* Task goal *
Would you return exactly the lines from the top of the data below through the one containing "Folding camping table", leaving out the pictures?

* Extracted material *
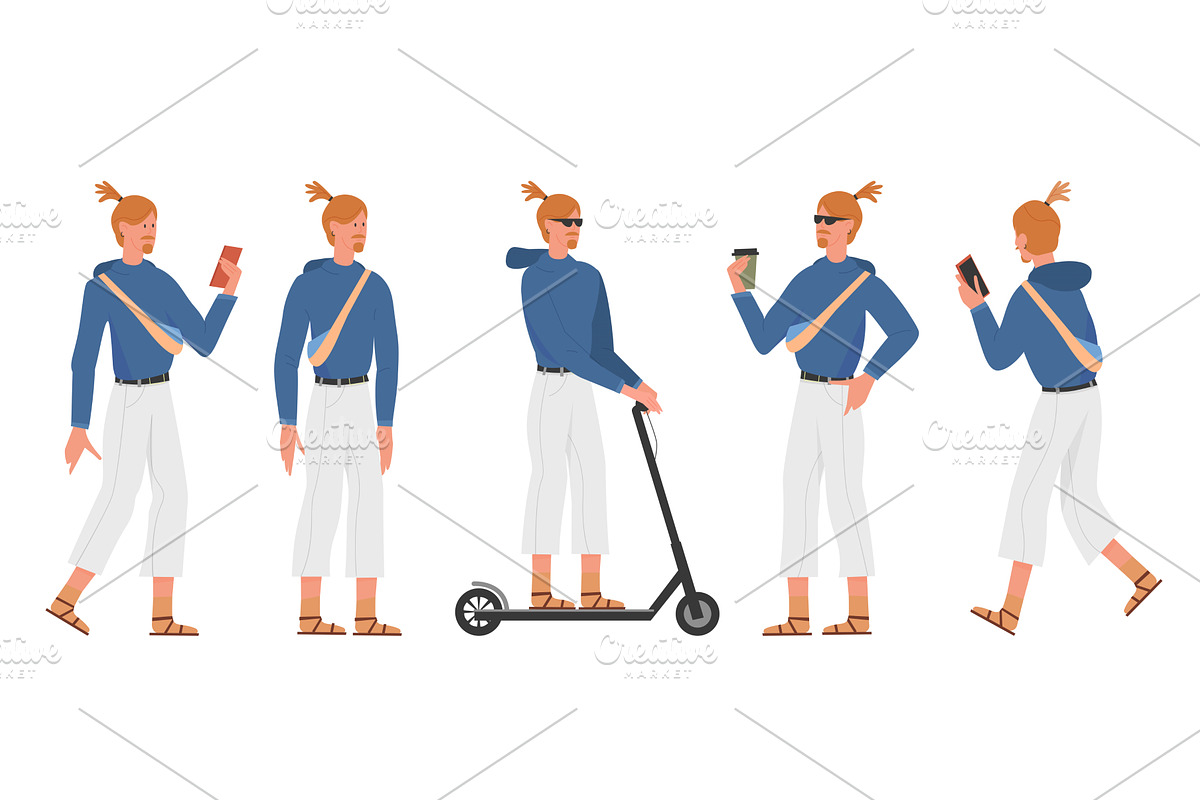 Trendy Young Man Poses in Urban, a Person Illustration by Flashvector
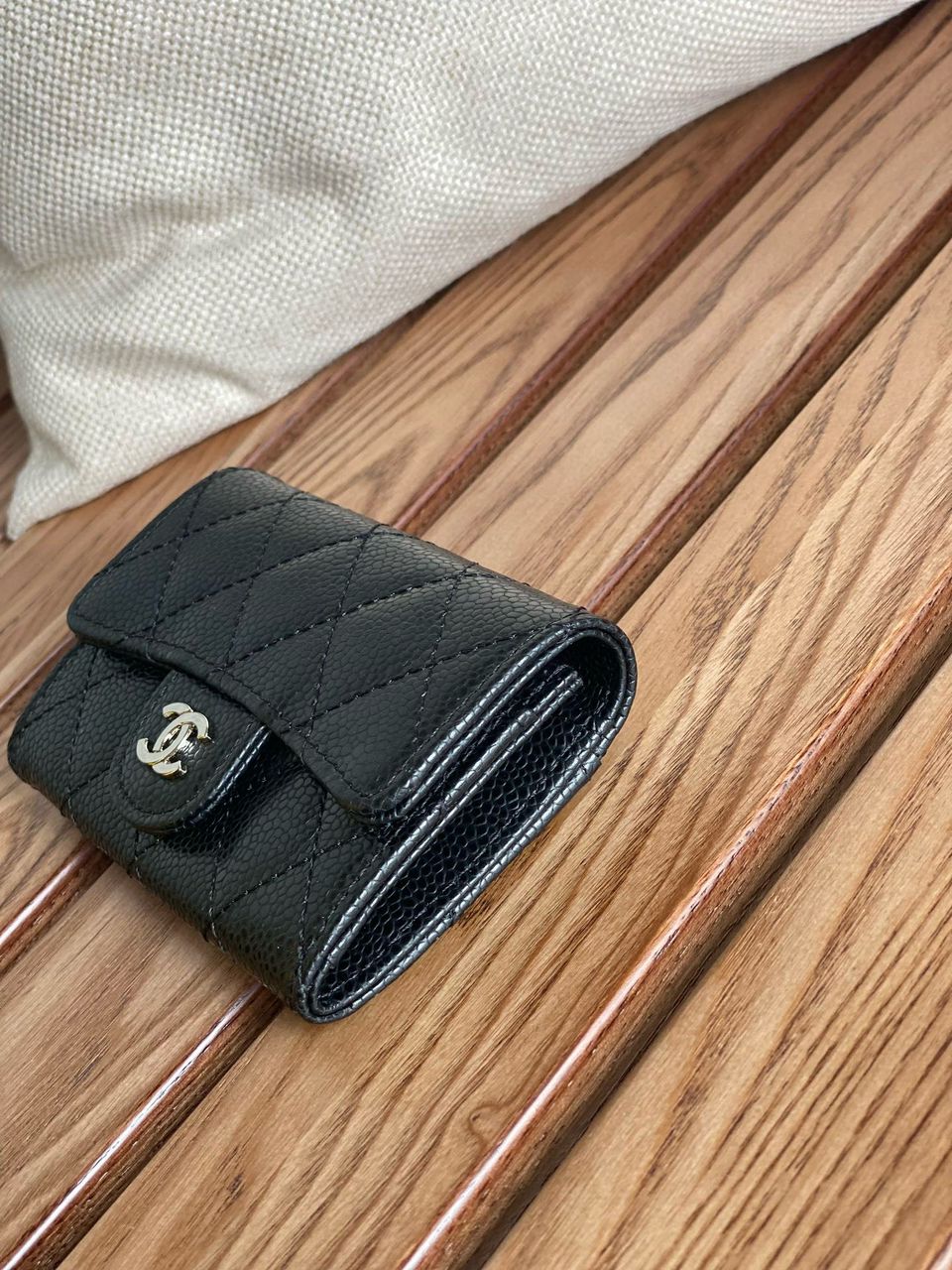 Ch**el Classic Card Holder Silver Black For Women, Women’s Wallet 4.5in/11.5cm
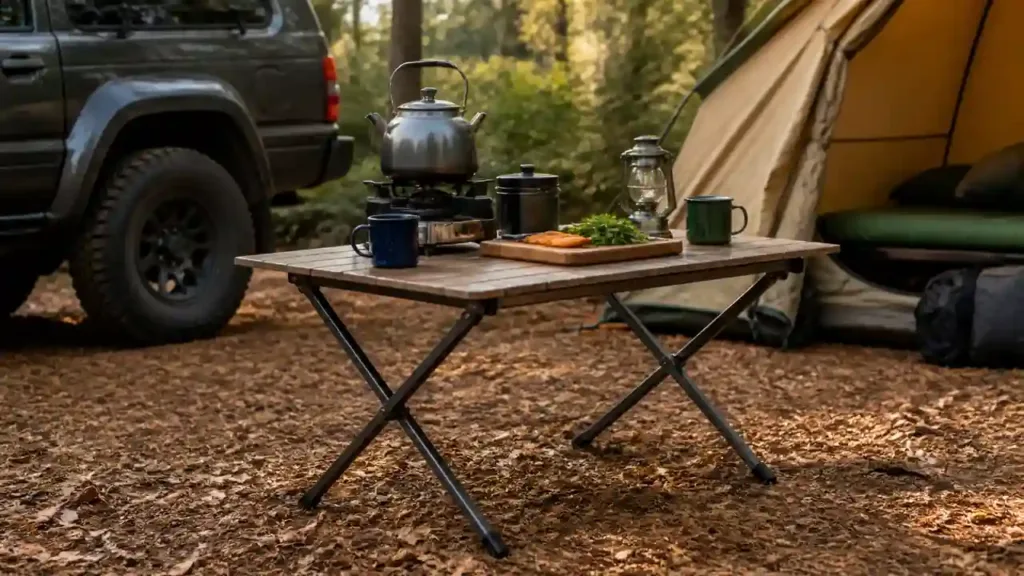Folding camping table with kettle and mugs beside a tent and SUV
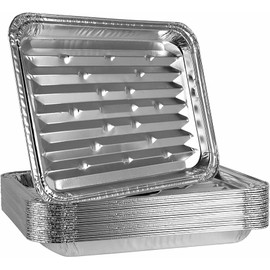 9.5 X 13 in Aluminum Pans - Aluminum Pans Without LIDS - Disposable FOIL DRIP Pans - DRIP Pans for Outdoor Grill – BBQ Grill Grease Tray - Aluminum FOIL Grill Accessories – 25 Pack -
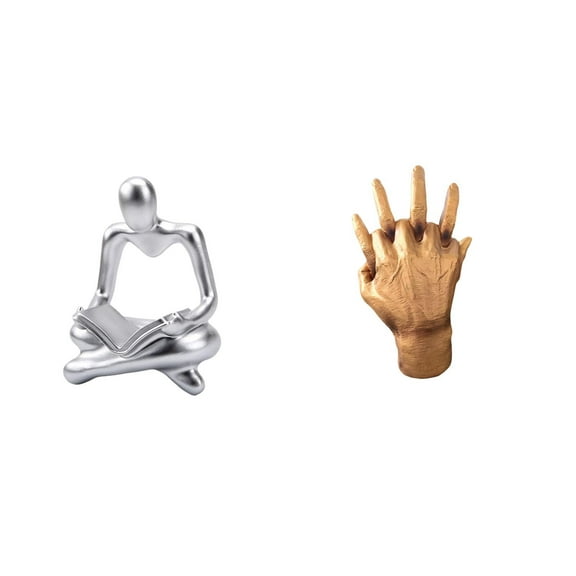 2 Pieces Abstract Thinker Figurine Human Collectable Resin Material for Living Room Bedroom Office Shelf Decor Lovers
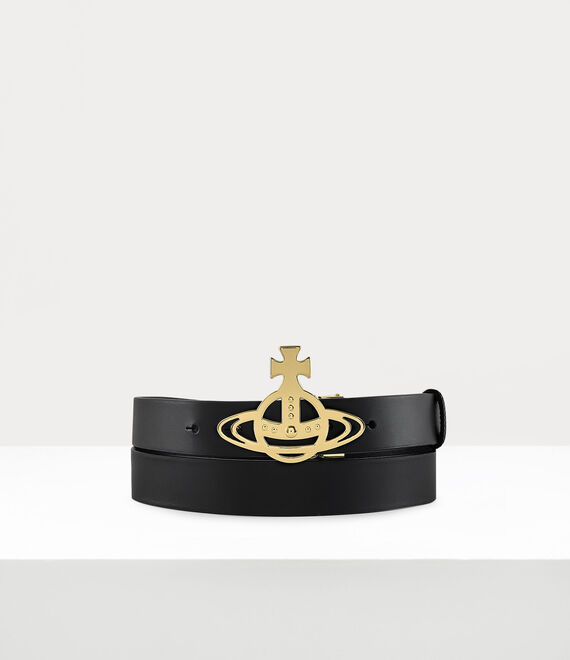 Vivienne Westwood line orb buckle/light gold black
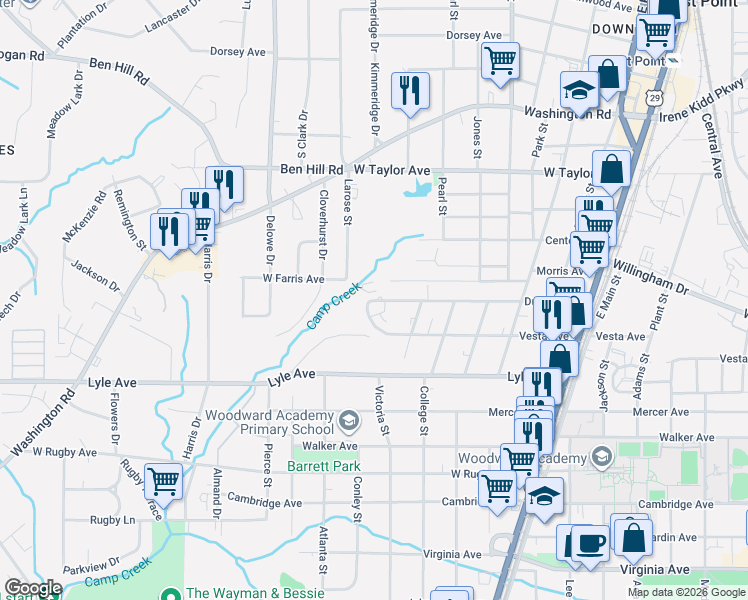 map of restaurants, bars, coffee shops, grocery stores, and more near 1955 Dunlap Avenue in East Point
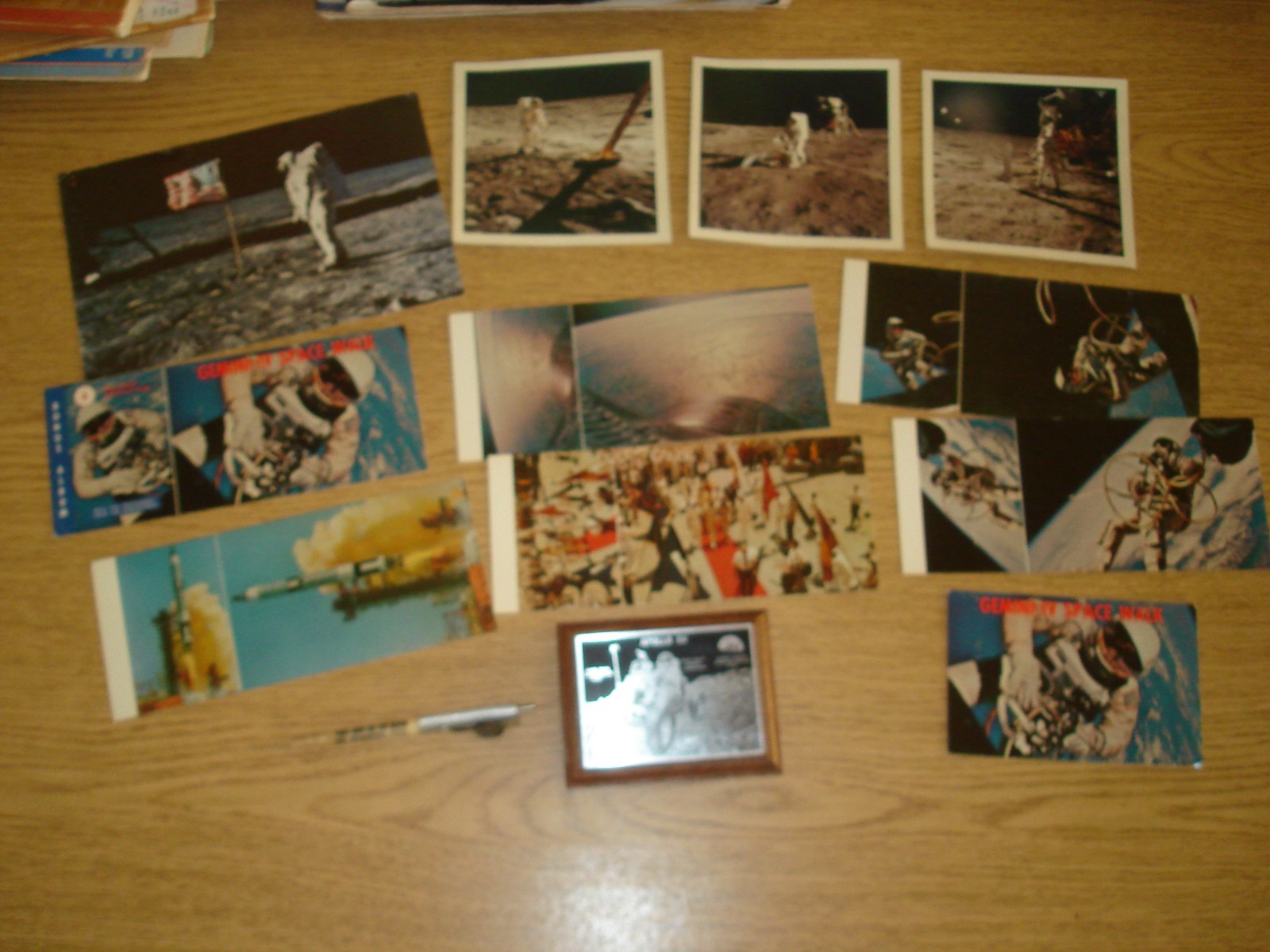 Lot of vintage NASA items photos/postcards/mailer/Apollo 15 plaque/Apollo 11 pen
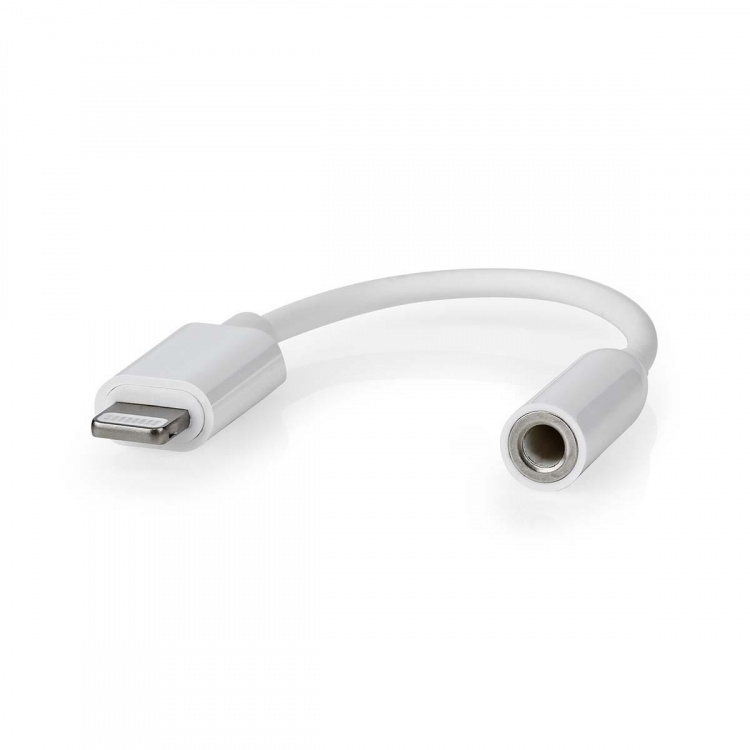 Nedis Lightning Sovitin | Apple Lightning 8-Pin | 3.5 mm naaras | Niklattu | 0.10 m | Pyöreä | PVC | Laatikko Nedis Lightning Sovitin | Apple Lightning 8-Pin | 3.5 mm naaras | Niklattu | 0.10 m | Pyöreä | PVC | Laatikko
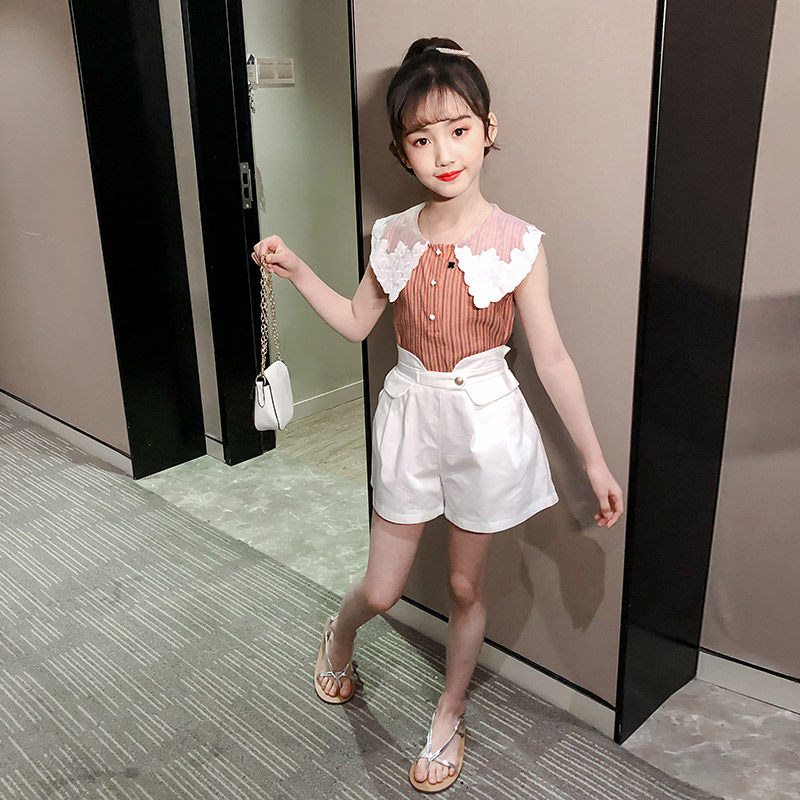 Girls Summer Summer Package 2020 Fashion Children's Clothing Ocean Current Network Red Summer Girl Sleeveless Shorts Two Pieces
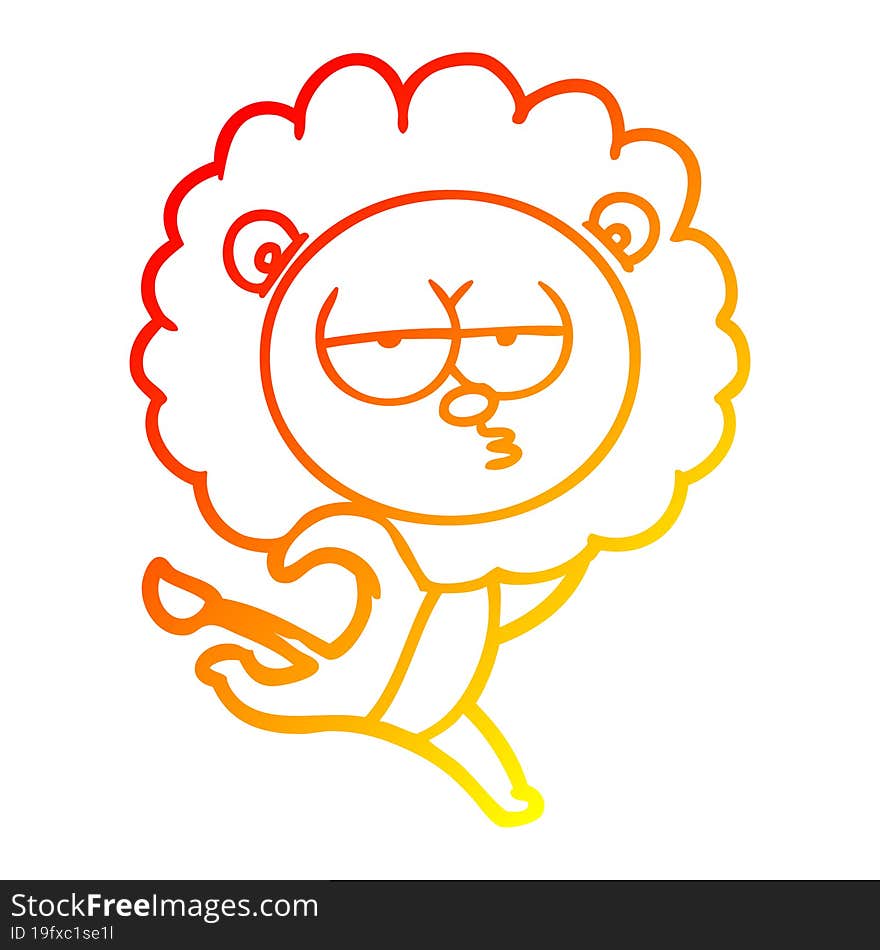 warm gradient line drawing cartoon running lion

* Task answer *
 Trendy Young Man Poses in Urban, a Person Illustration by Flashvector
 Ch**el Classic Card Holder Silver Black For Women, Women’s Wallet 4.5in/11.5cm
Folding camping table with kettle and mugs beside a tent and SUV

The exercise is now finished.